Each input is independent. Your AI fills in whichever fields it needs for a given call. Most calls use one or two fields.

## Why three tools with multiple inputs each

The three-tool split keeps intent clear. `ub_read` is always safe to call, `ub_write` changes state, `ub_ai` has additional cost. Your AI makes better decisions when the tool name already signals the category.

Within each tool, capabilities are input fields rather than separate tools. This keeps the schema compact and reduces the chance of your AI hallucinating a tool name.

## How to help your AI choose well

### 1. Name the capability you want

If you want a specific input field, name it. AIs are good at fuzzy matching but explicit is always faster.

> Use UniversalBench to search the web for current data on solar panel efficiency

instead of

> Look up some current information about solar panels

### 2. Pass context once

If your task involves the same dataset or session across many calls, mention it at the top of the conversation. Most MCP clients carry context across turns.

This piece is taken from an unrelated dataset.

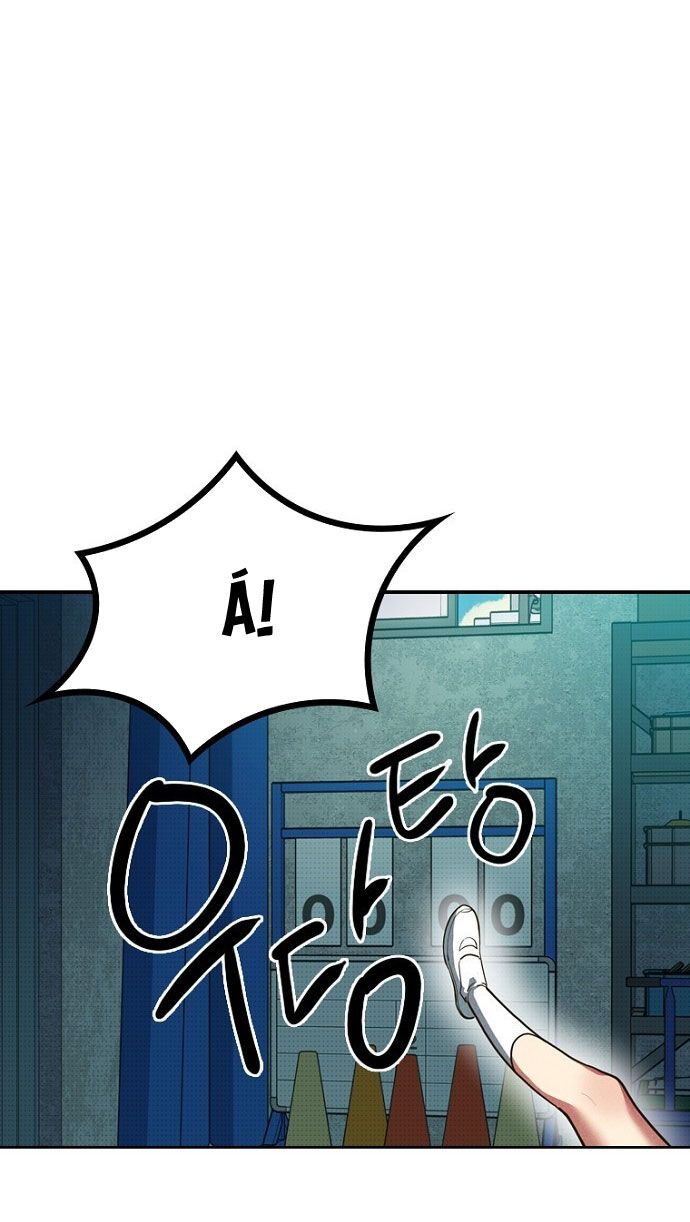 Thập Chi Nhị Thiếu Nữ [Chap 0-5]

> We are working in session\_id `q3_analysis` for this entire conversation. Load the CSV once and reuse the dataframe.

### 3. Trust the sandbox

Code runs in a sandboxed environment. You do not need to add "be careful" warnings. Be specific about what you want and let UniversalBench handle the execution.

## What your AI does not see

* Your URL token (the client holds the URL, never echoes the token back into the AI context)
* Other customers' data (every call is scoped to the customer your URL belongs to)
* The workbench internal state from previous calls (unless you pass `session_id`)
* Stored secret values (only their names appear in tool calls)

Because auth lives in the URL path and not in your prompts, even a fully recorded conversation transcript does not expose your credentials.